Work item:
From the listing below, copy only the lines running from the line that contains "茶文化人才培养方案.doc_第3页" to the line that contains "二、泛普軟件-機(jī)電", both included.

Listed entries:
---
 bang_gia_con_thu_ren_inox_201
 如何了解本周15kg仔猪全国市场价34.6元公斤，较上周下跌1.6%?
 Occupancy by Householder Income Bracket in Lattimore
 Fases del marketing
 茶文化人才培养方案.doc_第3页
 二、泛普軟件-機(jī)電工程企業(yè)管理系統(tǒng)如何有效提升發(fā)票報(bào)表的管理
---
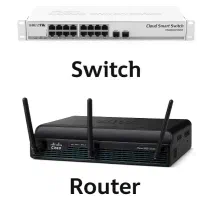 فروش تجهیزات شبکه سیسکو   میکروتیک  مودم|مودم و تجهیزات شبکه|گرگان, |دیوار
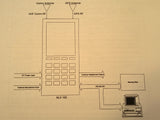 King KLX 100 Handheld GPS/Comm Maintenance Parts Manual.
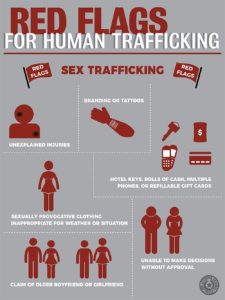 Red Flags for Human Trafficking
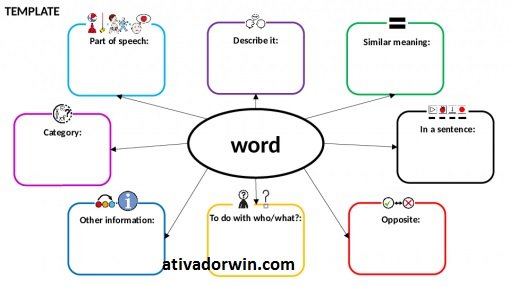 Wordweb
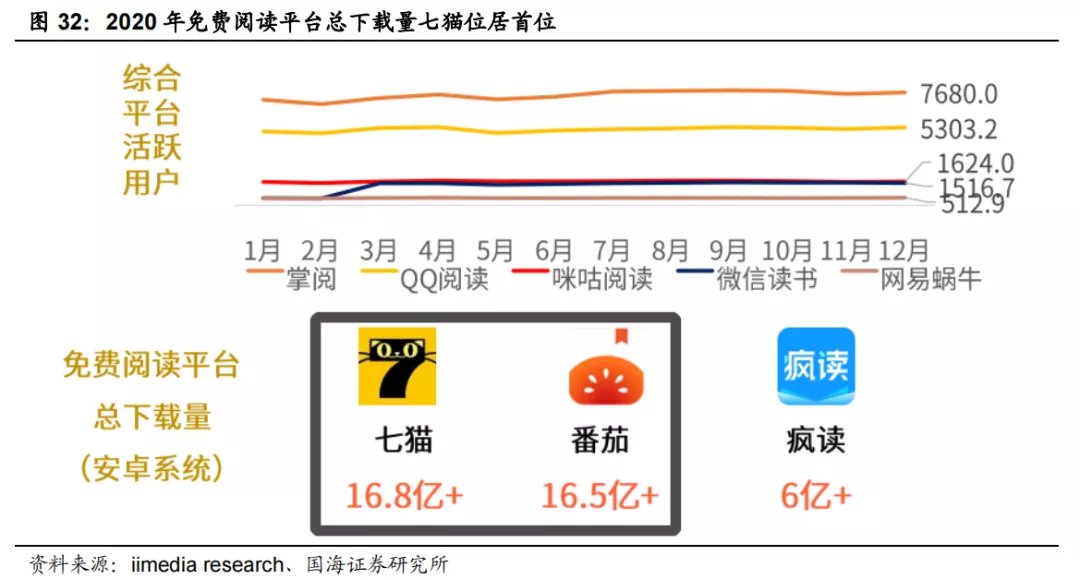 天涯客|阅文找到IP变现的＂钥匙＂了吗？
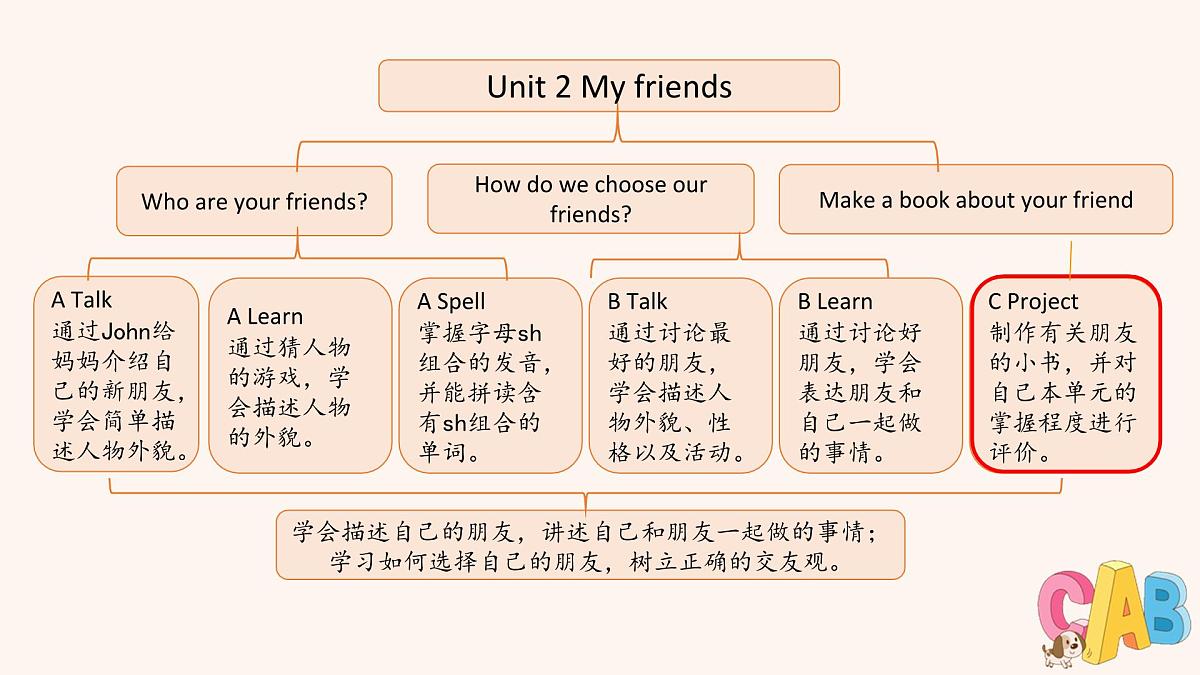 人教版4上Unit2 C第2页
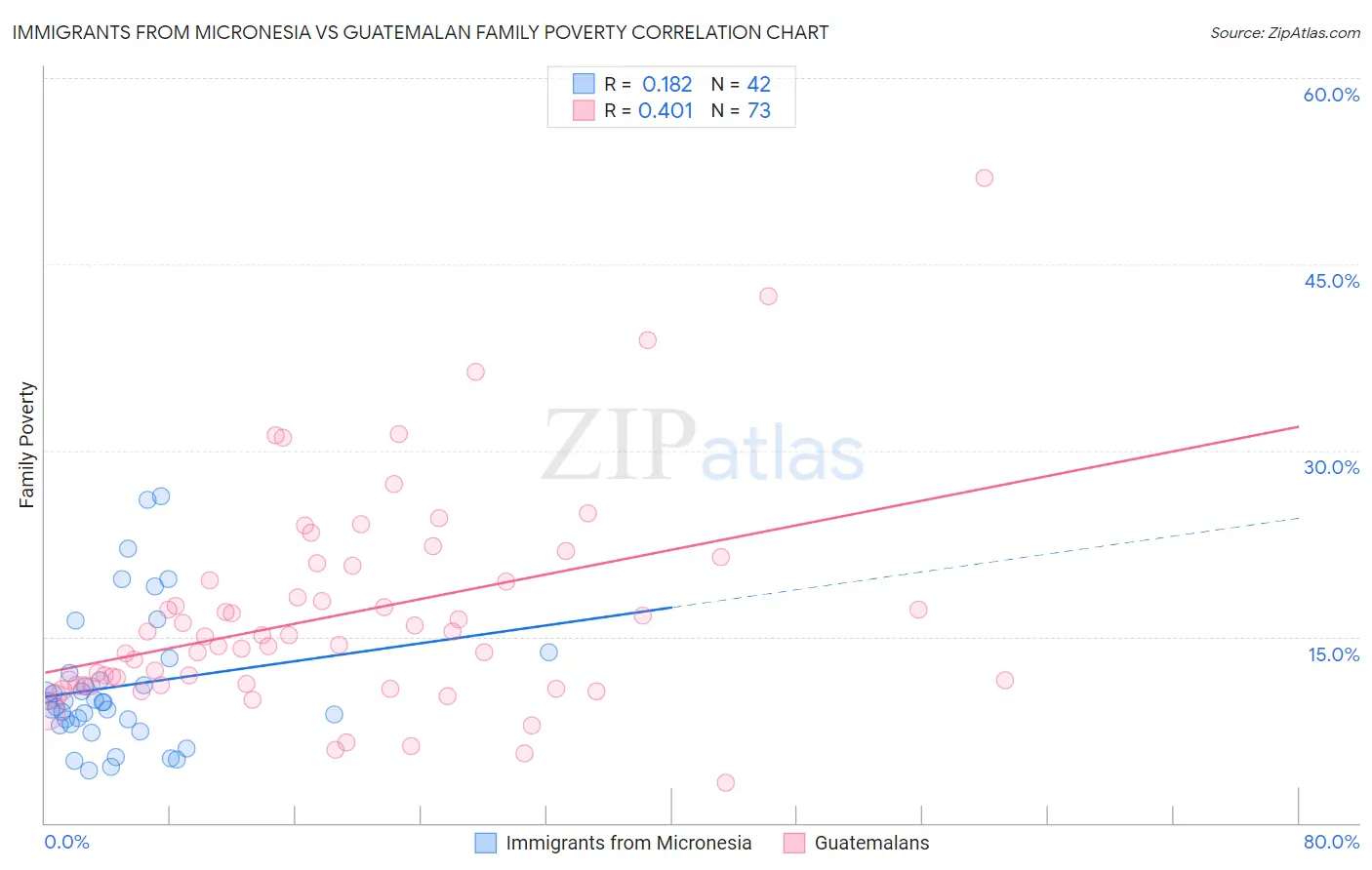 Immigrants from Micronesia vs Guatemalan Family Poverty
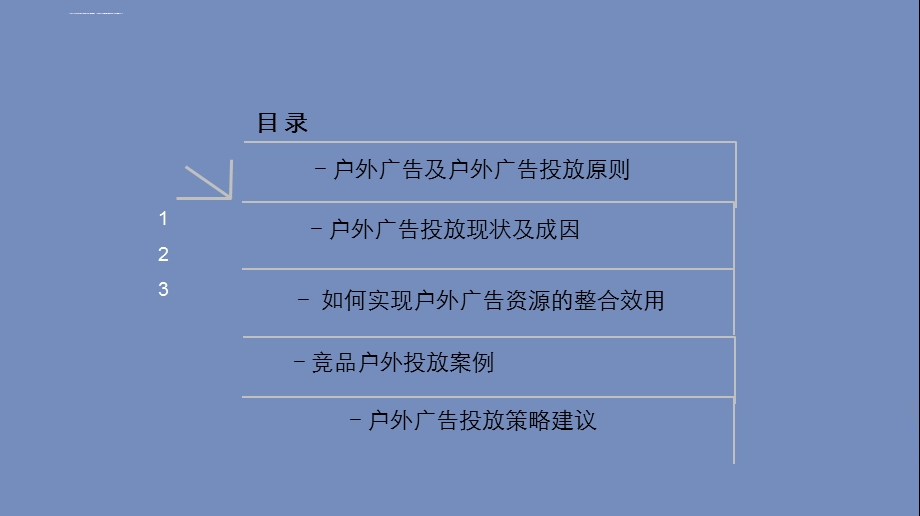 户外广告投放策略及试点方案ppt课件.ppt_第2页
---
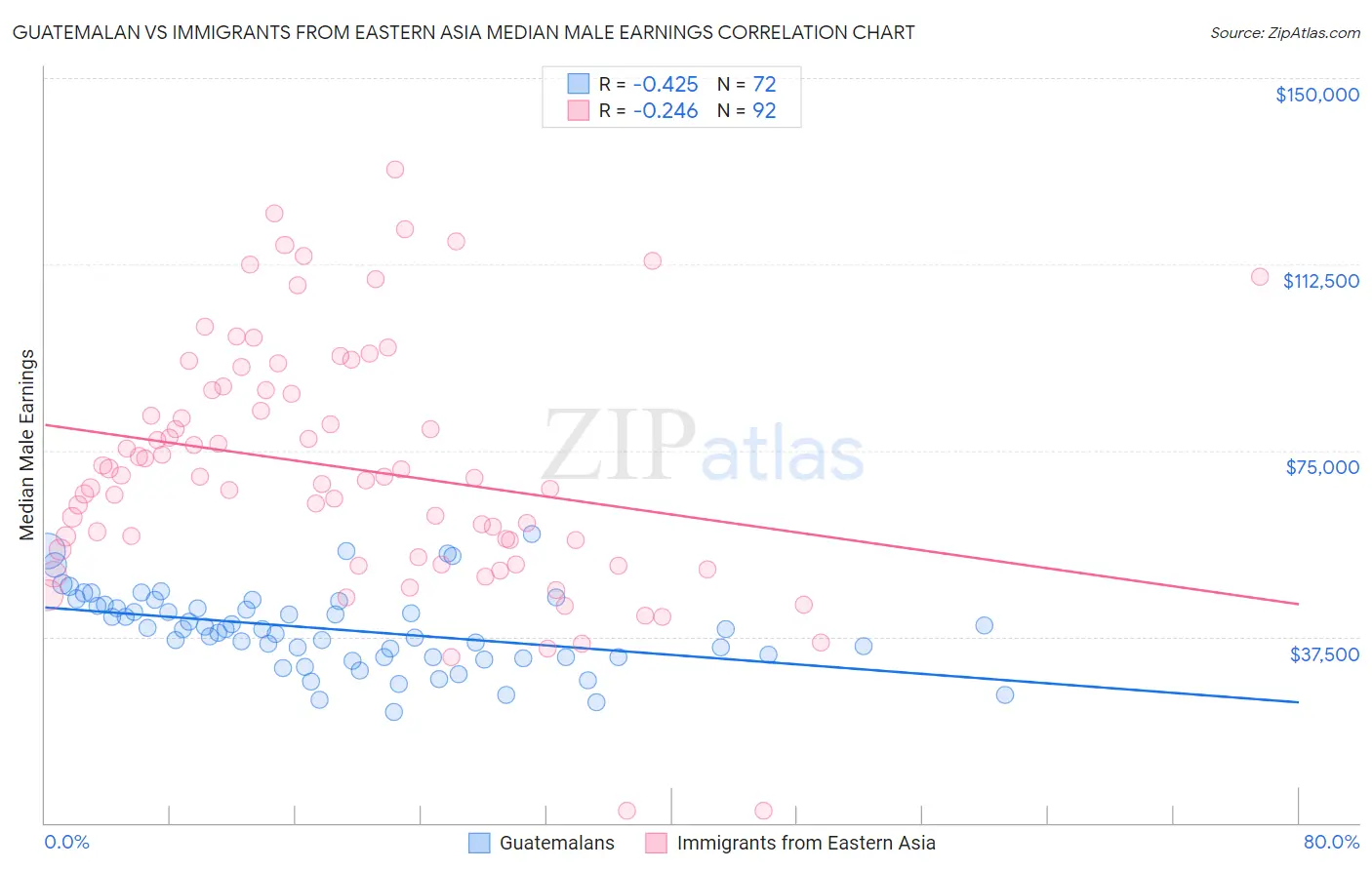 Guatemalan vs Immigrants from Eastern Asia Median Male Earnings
---
Answer box:
 茶文化人才培养方案.doc_第3页
 二、泛普軟件-機(jī)電工程企業(yè)管理系統(tǒng)如何有效提升發(fā)票報(bào)表的管理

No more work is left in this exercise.